The Helsinki Committee for Human Rights in Serbia
welcomes the legislation on turning the once Staro sajmište
concentration camp – established in the WWII with a view to
eliminate the local Jewish community – into a memorial in Belgrade.
However, the draft law on the memorial Serbia’s government has put
forward to the parliament contradicts historical facts, minimizes
the massive destruction of the Jewish community in the WWII and is
in the function of the regime’s short-term policies.
The governmental draft insists on the fact that
the said concentration camp was in the territory of the then
Independent State of Croatia – which is formally true – but neglects
the fact that the occupation authorities had run it till 1944.
Besides, according to it, Jews were among the victims, although they
had been practically the only and primary prisoners till May 1992.
The governmental draft avoids mentioning the name and the role of
Nazi “collaborators and aids” – and the latter, in Serbia, was the
cabinet of Milan Nedić whose police had been capturing Jews in the
first place and then handing them over to Germans.
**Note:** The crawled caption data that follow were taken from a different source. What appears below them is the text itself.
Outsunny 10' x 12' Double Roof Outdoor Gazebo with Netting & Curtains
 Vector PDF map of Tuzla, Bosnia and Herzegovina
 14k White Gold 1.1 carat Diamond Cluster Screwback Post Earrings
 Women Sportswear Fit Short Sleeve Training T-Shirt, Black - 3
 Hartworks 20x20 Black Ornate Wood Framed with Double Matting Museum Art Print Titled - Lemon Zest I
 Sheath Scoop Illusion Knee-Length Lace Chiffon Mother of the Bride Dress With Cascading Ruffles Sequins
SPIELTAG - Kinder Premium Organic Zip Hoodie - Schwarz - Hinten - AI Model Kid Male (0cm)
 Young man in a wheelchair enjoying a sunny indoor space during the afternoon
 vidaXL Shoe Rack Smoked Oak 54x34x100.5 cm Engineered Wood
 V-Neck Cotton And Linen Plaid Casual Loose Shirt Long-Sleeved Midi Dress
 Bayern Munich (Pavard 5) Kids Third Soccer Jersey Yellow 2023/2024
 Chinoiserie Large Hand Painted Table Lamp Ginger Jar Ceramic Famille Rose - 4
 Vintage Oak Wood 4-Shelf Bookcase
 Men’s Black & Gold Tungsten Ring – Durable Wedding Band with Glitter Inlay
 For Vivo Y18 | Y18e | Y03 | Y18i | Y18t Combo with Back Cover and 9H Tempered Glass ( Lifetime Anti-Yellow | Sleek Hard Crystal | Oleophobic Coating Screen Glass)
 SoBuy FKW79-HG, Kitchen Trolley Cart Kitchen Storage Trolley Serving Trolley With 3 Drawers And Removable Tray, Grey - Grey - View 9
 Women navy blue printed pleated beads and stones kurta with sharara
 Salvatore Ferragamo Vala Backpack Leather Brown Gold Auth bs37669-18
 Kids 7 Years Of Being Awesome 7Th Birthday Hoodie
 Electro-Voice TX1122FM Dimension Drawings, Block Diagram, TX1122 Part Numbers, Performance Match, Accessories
It also says
nothing about anti-Jewish and racist decrees the Nedić cabinet has
passed to serve Holocaust.
The draft law perfectly mirrors the decades-long
revisionism of the WWII in Serbia.
The Helsinki Committee demands immediate
withdrawal of the draft law as such from parliamentary procedure;
the draft should undergo all the amendments necessary so as to
incorporate indisputable historical facts.